Task inputs:
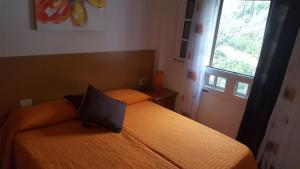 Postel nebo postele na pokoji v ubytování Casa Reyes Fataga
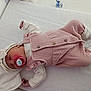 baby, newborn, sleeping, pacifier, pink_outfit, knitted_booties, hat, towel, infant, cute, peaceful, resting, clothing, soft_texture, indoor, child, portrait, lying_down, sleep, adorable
---
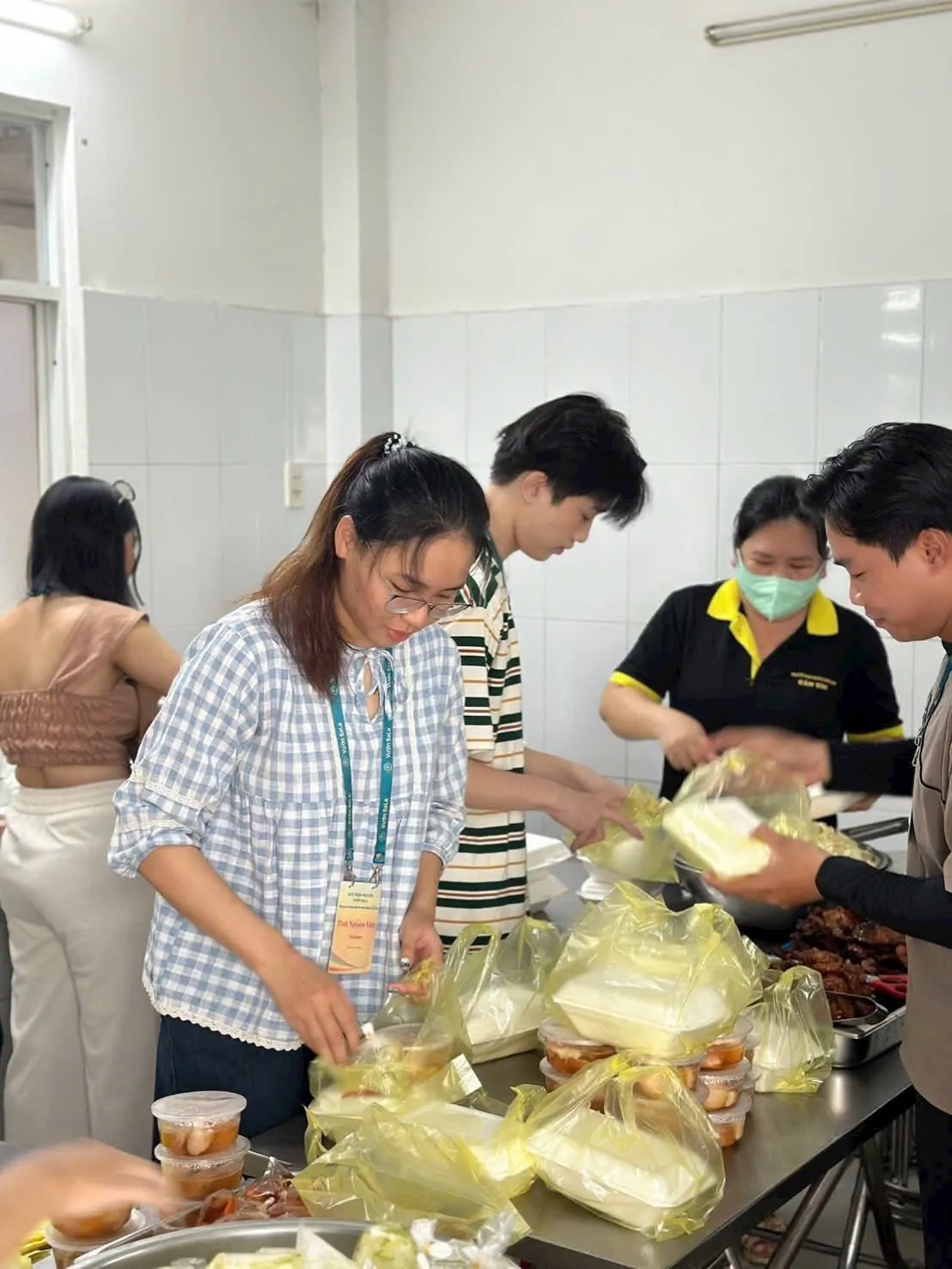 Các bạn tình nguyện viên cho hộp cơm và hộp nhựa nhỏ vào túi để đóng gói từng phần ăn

Instructions for the task: Go to the line above holding "Postel nebo postele", then copy exactly each line down to and including the one holding "lying_down, sleep, adorable", leaving pictures out.

Solution for this task:
 Postel nebo postele na pokoji v ubytování Casa Reyes Fataga
 baby, newborn, sleeping, pacifier, pink_outfit, knitted_booties, hat, towel, infant, cute, peaceful, resting, clothing, soft_texture, indoor, child, portrait, lying_down, sleep, adorable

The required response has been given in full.